Dr. Barghouti's position of rejection regarding Oslo and the road map actually approaches that of the Hamas platform, and there are rumors in the territories that Hamas is secretly directing its constituents to vote for Barghouti. These rumors caused Hamas's Gaza spokesman Sami Abu-Zahri to adamantly restate the movement's position, which rejects any participation in the elections.

-- Danny Rubinstein, "Yet to be elected, but already initiating a political process," Haaretz January 5, 2005

Bassam Salhi, one of the signers of the Geneva Accord, will be the standard-bearer of the Palestinian People's Party, one of the oldest currently existing Palestinian political institutions. The PPP was an outgrowth of the Palestine Communist Party during the Mandatory era, and was one of the few Palestinian Arab factions to support partition in 1947. The PPP, and Salhi, are regarded as pro-Oslo, and Salhi has spoken in support of a campaign of nonviolent resistance against the Israeli occupation. Salhi is probably the most ideologically flexible of the candidates with respect to formulating a two-state solution, although others with a wider political base might be more conciliatory in practical terms.
[PPP website: Warning: Most pages are in Arabic and the English color seheme qualifies for "webpages that suck."]
--Jonathon Edelstein, The Head Heeb blog

[Another leftist candidate] represent[s] the Democratic Front for the Liberation of Palestine (DFLP), a hard-line Marxist-Leninist organization that holds positions more commonly associated with the nationalist left. The DFLP's candidate is Taysir Khaled, a "Tunisian" and a longtime leader of the movement. By all accounts, he lives up to the DFLP's doctrinaire reputation.
--Jonathon Edelstein, The Head Heeb
On Monday Al-Salhi attacked Barghouti, demanding that the PA Central Election Committee investigate Barghouti's funding sources. He also demanded that the campaign include televised debates "so the voter can make a rational decision."

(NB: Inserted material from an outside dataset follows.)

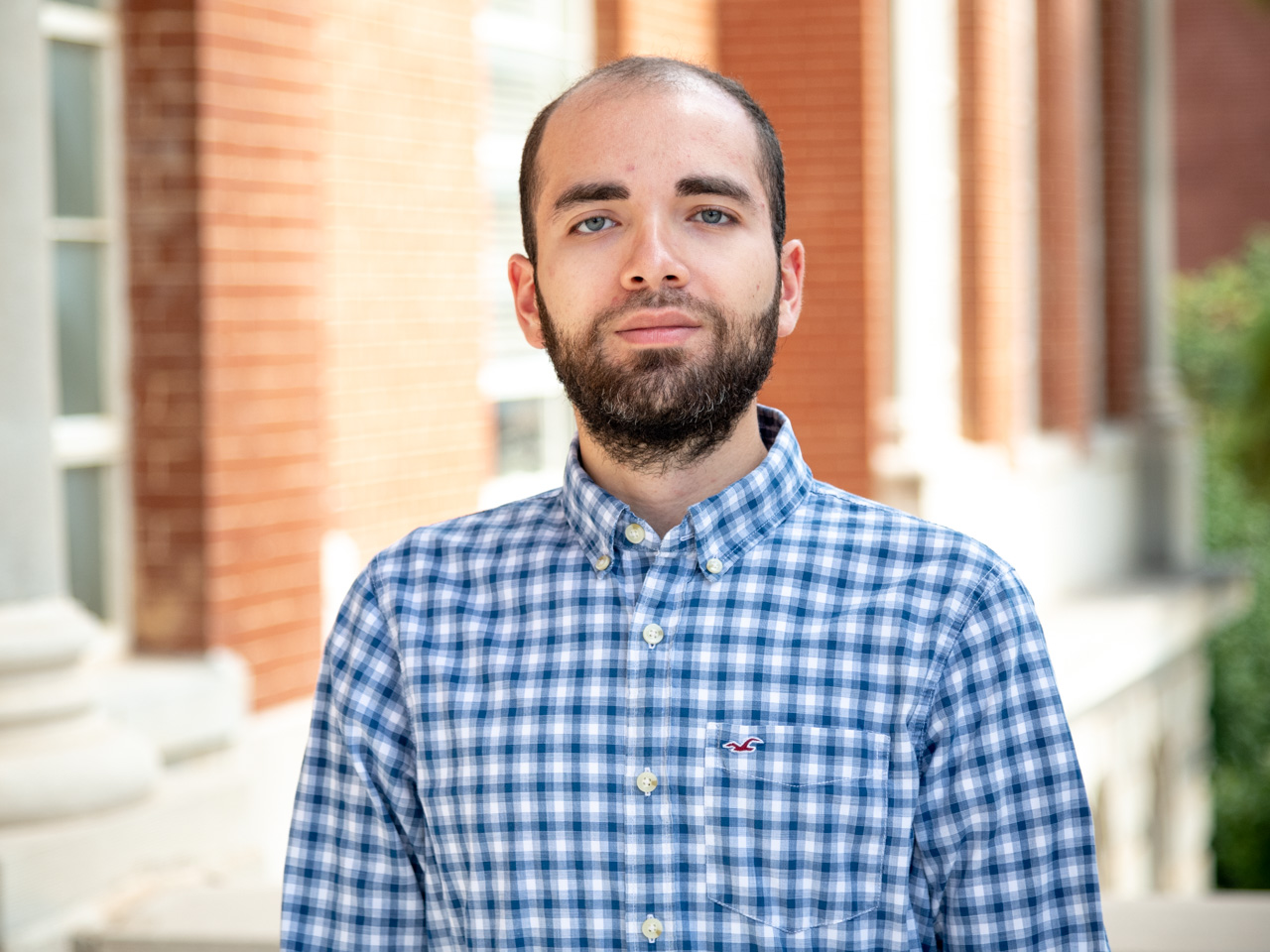 A man with a white and blue checkered shirt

There are three Islamicist candidates Dr. Abd Al Karim Shbair, Dr. Abd Al Halim Al-Ashqar, Sayyed Hussein Barakeh. But they are un-official, shadow candidates.

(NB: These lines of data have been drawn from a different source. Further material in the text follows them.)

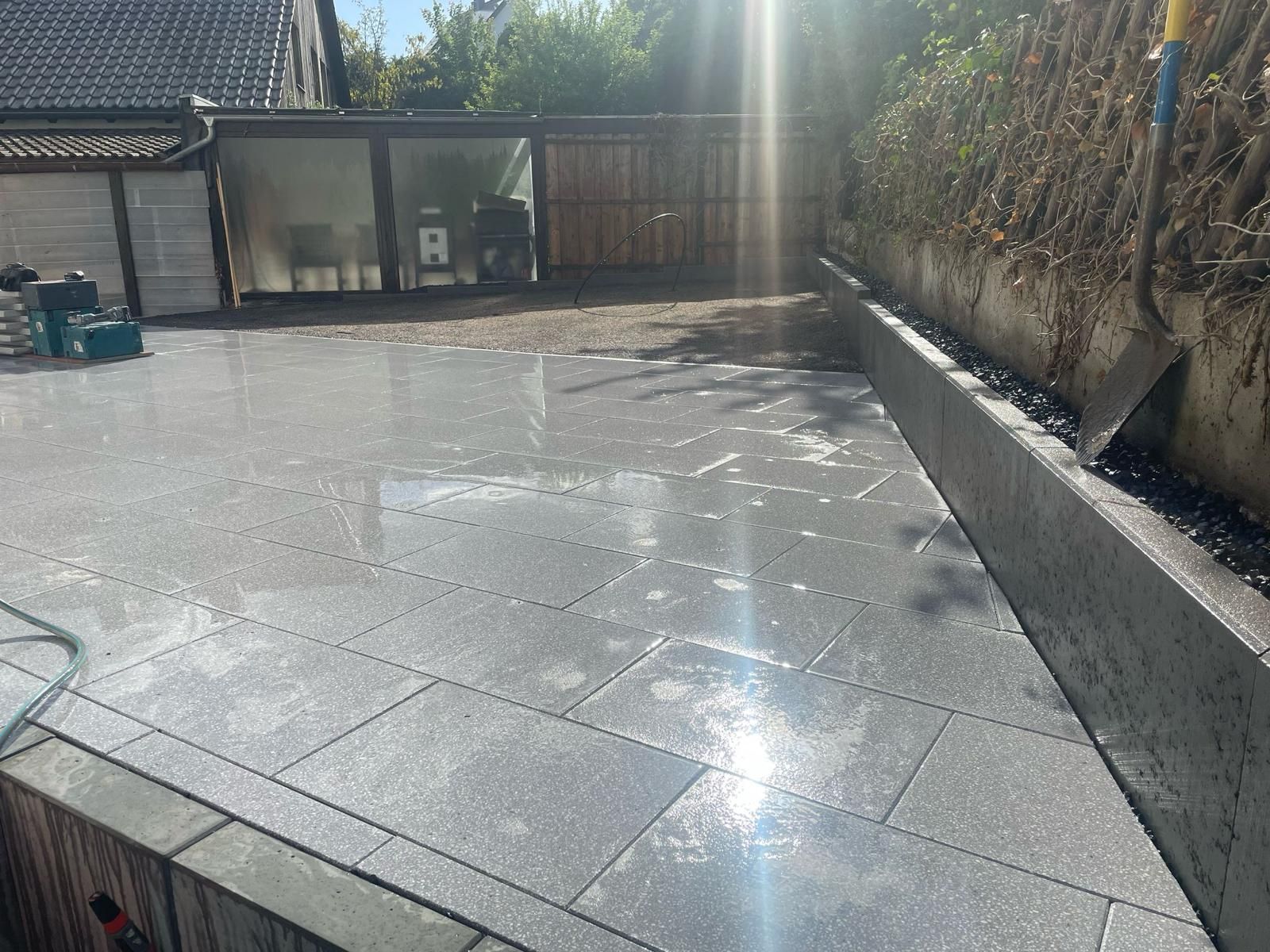 A patio is being built in the backyard of a house.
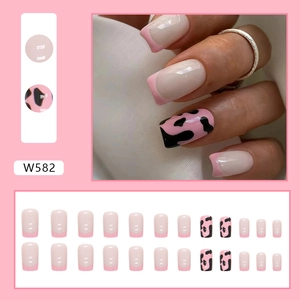 Pink French square press-on nails with black cow print patterns and 24-piece full set layout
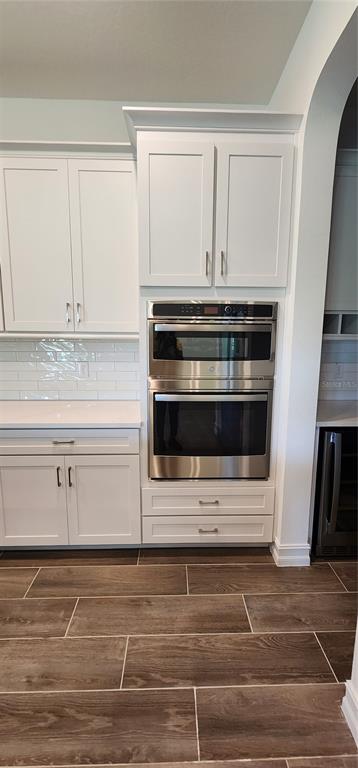 29868 Picana Lane Wesley Chapel, FL 33543 - Photo 5 of 75 a stove top oven sitting inside of a kitchen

Hamas is calling for an election boycott. They've been pulling down posters of the candidates, replacing them with the image of a Hamas terrorist leader killed by the Israel nine years ago this week. Steve Erlanger, observes in the New York Times
the poll is nearly as big a test for Hamas as for those actually running. For several years, its popularity was on the rise. But now, after four years of violence and the death of Mr. Arafat, Hamas is struggling against a shift in political sentiment toward the mainstream and a new possibility for improved relations with Israel.
Yossie Bellin, leader of the social democratic Yachad Party and promoter of the Geneva Accord, on what's at stake after the election
In the near future, Abu Mazen will be walking this tightrope between the attempt to reach an agreement that will not be too costly from his standpoint and a violent struggle. He will also be seeking to burnish his credentials as a fighter for his people, and seeking to allay fears among Palestinians that he is, perhaps, too moderate to do the job.

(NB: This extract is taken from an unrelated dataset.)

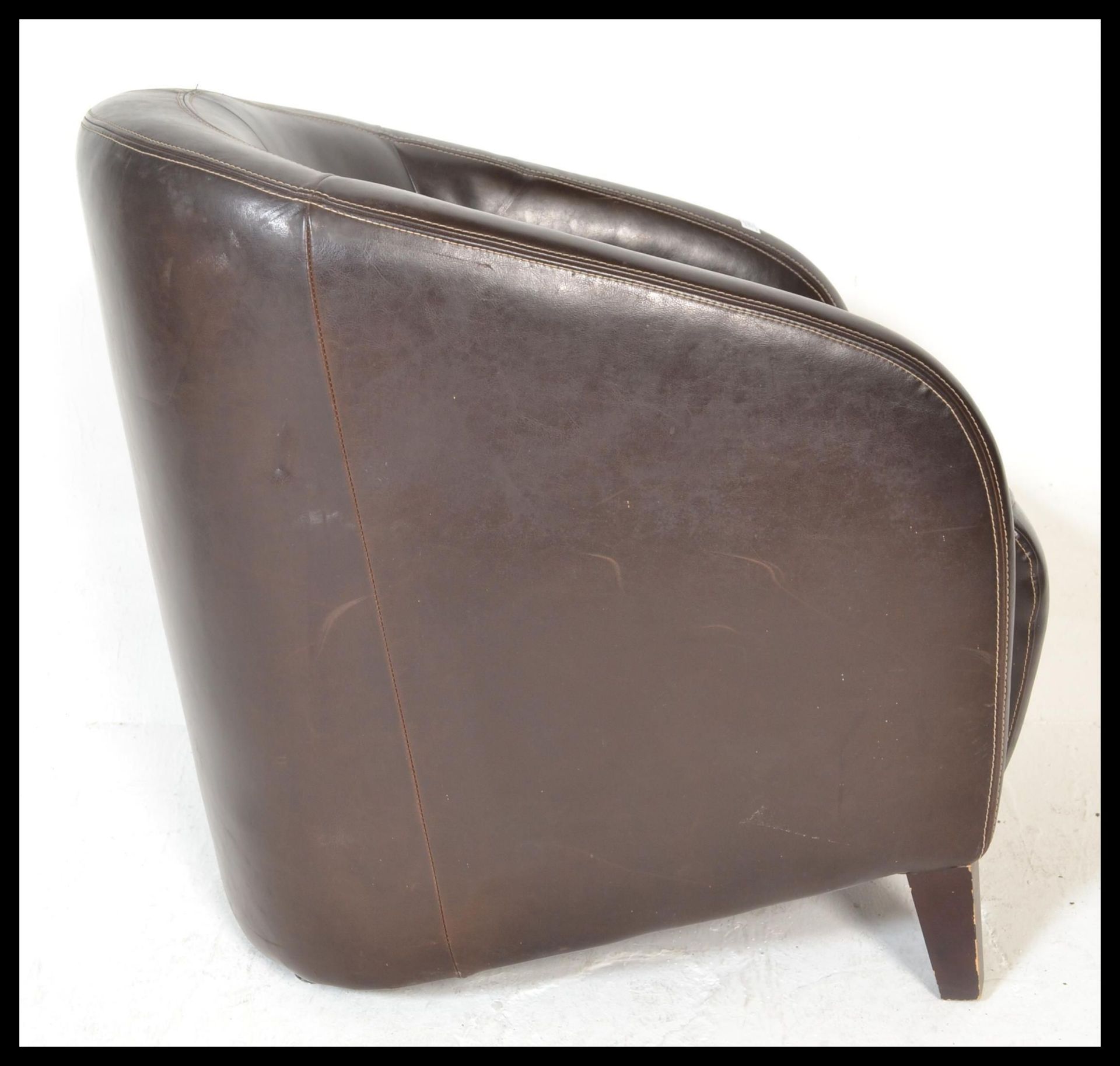 A contemporary leather tub chair / armchair. Raise - Bild 4 aus 4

This is why the outside powers have such an important role. The more the Palestinians believe that during times of peace they enjoy a better life, their economy develops and they have something to lose, the more they will realize that the unilateral withdrawal from Gaza and the dismantling of the Israeli settlements there are only the beginning of a process that will culminate in a permanent status agreement — and a Palestinian state — in line with the Clinton Plan, George W. Bush's vision and the Geneva Accord.

For this to happen, the Bush administration and the Sharon government will both have to make great efforts to assist the pragmatists within the Palestinian Authority.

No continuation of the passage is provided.